The Kim Davis Saga in Rowan County, Ky., should serve as a key lesson to all public officials who take an oath to perform their duties on behalf of the entire public constituency they serve.
Davis took that oath to serve as county clerk. One of her duties is to issue marriage licenses to those who request them. The highest court in the land then decreed that gay couples are entitled to the same rights of marriage as straight couples.
That doesn’t comport with Davis’s Christian values, she said. She refused to issue licenses to same-sex couples and now she’s been ordered to jail by a federal judge.
Public officials take an oath to serve everyone. Their oath is a secular one. One’s faith has no bearing on whether they should perform their duties.

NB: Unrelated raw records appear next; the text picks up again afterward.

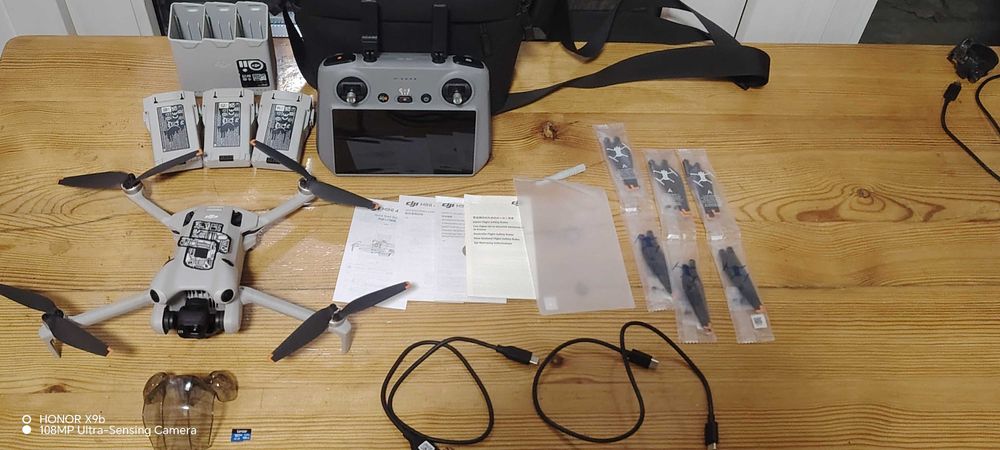 Продам Дрон DJI Mini 4 Pro combo НОВЫЙ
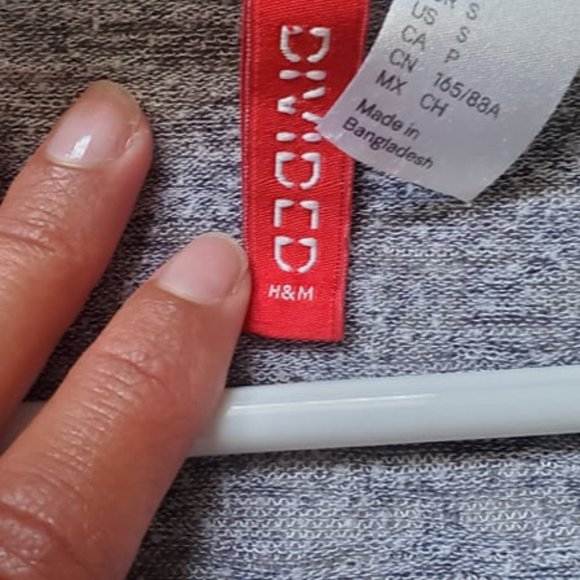 Asymmetrical Cardigan - Picture 4 of 4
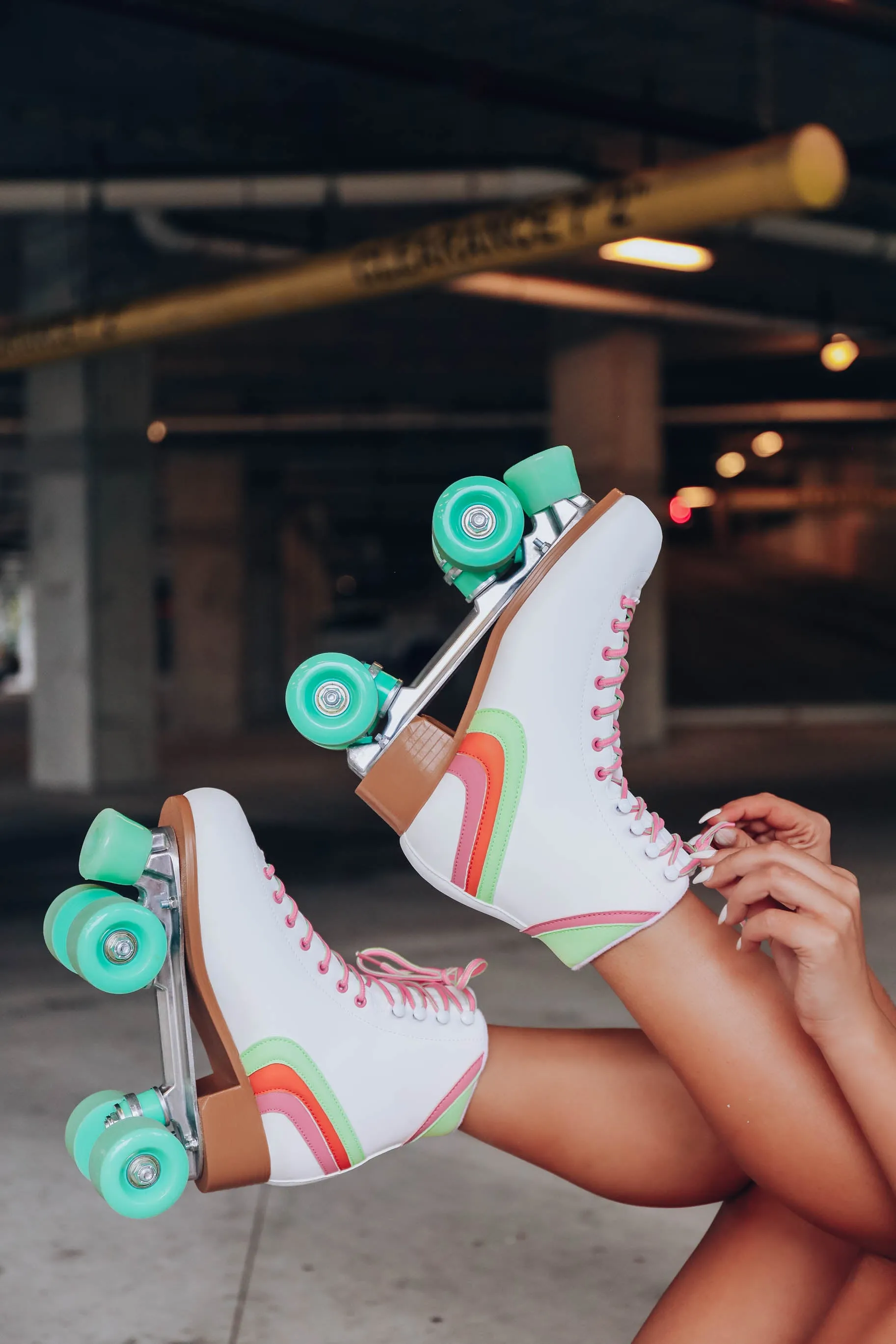 Cosmic Skates - White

This does sound familiar to those of us old enough to remember a controversy 55 years ago involving a young candidate for president of the United States. Democratic U.S. Sen. John Kennedy was his party’s nominee and was campaigning to become the first Roman Catholic ever elected to the presidency.
Questions arose during that campaign about Kennedy’s ability to fulfill the oath he would take if he were elected. Would he be loyal to the U.S. Constitution or, some wondered, to the Vatican? Some die-hard conspiracy theorists conjectured that he would be taking orders from the pope.
Sen. Kennedy then decided to settle the issue once and for all. He came to Texas and, speaking to a Protestant gathering of clergy, made a solemn vow: He would follow the Constitution and if in the highly unlikely event he encountered an issue that contradicted the teachings of the church and he could not act on that issue, he would resign the presidency.
And then he added: “I hope any conscientious public servant would do the same.”
He won the 1960 election, took his oath and as near as anyone can tell was loyal to the U.S. Constitution.
Kim Davis cannot perform the duties of her office. She says they conflict with her faith.
She needs to quit that public office.